Accreditation is a comprehensive self-assessment and evaluation model that enables organizations to examine past, current, and future service levels and internal performance and compare them to industry best practices. This process leads to improved service delivery.

CPSE’s Accreditation Program, administered by the Commission on Fire Accreditation International (CFAI) allows fire and emergency service agencies to compare their performance to industry best practices in order to:

  • Determine community risk and safety needs and develop community-specific Standards of Cover.
  • Evaluate the performance of the department.
  • Establish a method for achieving continuous organizational improvement.

Local government executives face increasing pressure to “do more with less” and justify their expenditures by demonstrating a direct link to improved or expanded services. Particularly for emergency services, local officials need criteria to assess professional performance and efficiency. The CFAI accreditation process provides a well-defined, internationally-recognized benchmark system to measure the quality of fire and emergency services.

 

Kingsport businesses and residents stand to save on insurance costs with increased Kingsport ISO fire rating

KINGSPORT –Kingsport has just become the only Insurance Services Office city rated as Class 2 for fire protection in Northeast Tennessee, moving up from the previous classification of 3/9.

ISO is a leading source of property/casualty insurance risk data.

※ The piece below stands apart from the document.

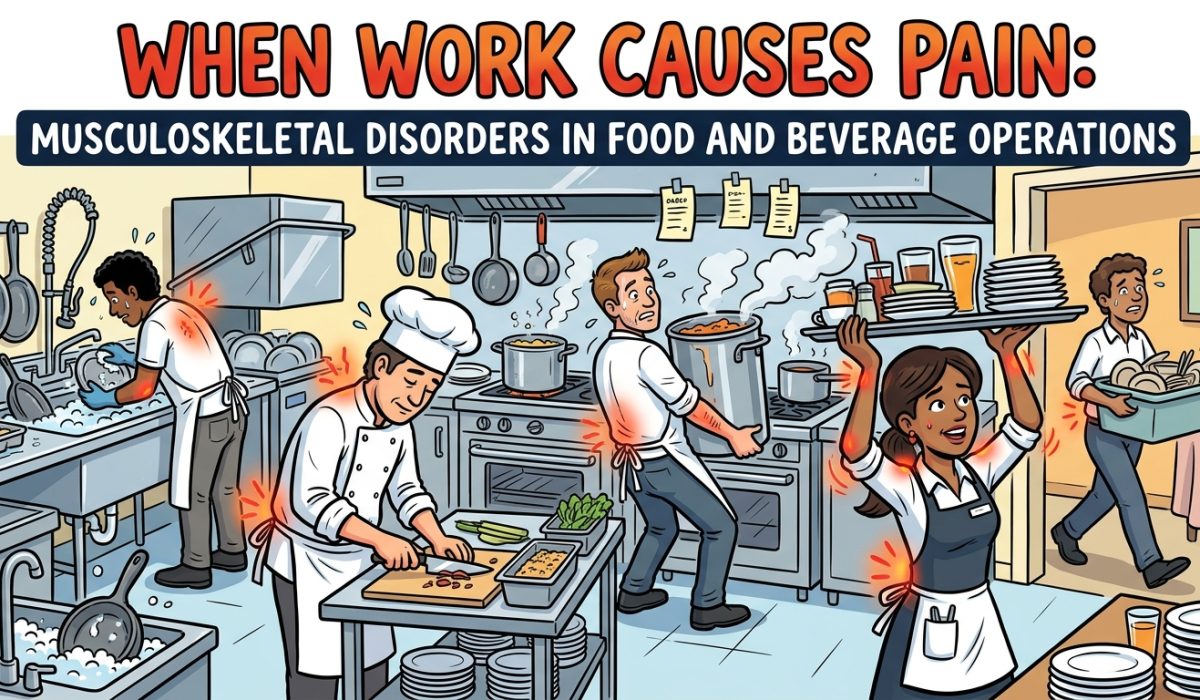 WHEN WORK CAUSES PAIN: MUSCULOSKELETAL DISORDERS IN FOOD AND BEVERAGE OPERATIONS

Class 1 is the highest level of fire protection a local government can provide, with 10 indicating little or no fire protection at all.

The class 2 designation will be in effect until the next ISO review in five years and applies only to directly served residents inside the corporate boundaries of the City.

According to Kingsport Fire Department, there are 30,145 fire departments in the USA and 725 fire departments in Tennessee. Only 750 departments nation-wide are rated as Class 2.

“The investments made by the Board of Mayor and Aldermen over the last several years have gone a long way to help improve our ISO Rating from a 3 to a 2,” Fire Chief Craig Dye said Tuesday. “The new rating shows that having a highly trained and well equipped fire department as well as sound infrastructure pays off for our residents, in terms of greater safety, and by saving our citizens and businesses money.”

City Manager Jeff Fleming noted that earning the new ISO rating was an effort that went beyond front-line Fire protection personnel, as the entire system is reviewed, including Central Dispatch, GIS (Geographic Information Services), the Water Department, as well as all those within the Fire Department who provide training, instruction, community inspections.

“I have spoken repeatedly about the tremendous depth of talent we now have on board in City government,” Fleming said. “This is just one example how this high talent level will continue to provide payback for the citizens of our City in the years ahead.”

In particular, both Fleming and Dye said the ISO 2 rating is a result of employee efforts by folks such as Jerry Mowl and Nancy Fender in Central Dispatch, Jake White in GIS, Chad Austin and Chris Alley in the Water Department, as well as Chris Lowe, Max Bear, Todd Greene and Joel Jones in the Fire Department.

While 99 percent of the City is rate as Class 2, the remainder is rated at 2Y, a designation denoting a property that is more than 1,000 foot from a hydrant or more than five miles from a fire station.

ISO ratings are based on a community’s fire-suppression system, communications, fire halls, equipment, and water supply.

Other cities in Tennessee which have earned a Class 2 designation include Chattanooga, Franklin, Murfreesboro, and Memphis. Johnson City and Bristol currently have a Class 3 designation.

It is difficult to quantify the annual insurance savings for business and residences, with each insurer using differing methodologies and criteria. Still, Fleming said each citizen should speak with their insurer to ensure they are being charged based on the new ISO classification. Based on previous studies, the savings could be as much as $300 a year.

“This is a big win for our community, and certainly, we encourage our business owners and homeowners to look into the potential insurance savings from this new rating classification,” Fleming said.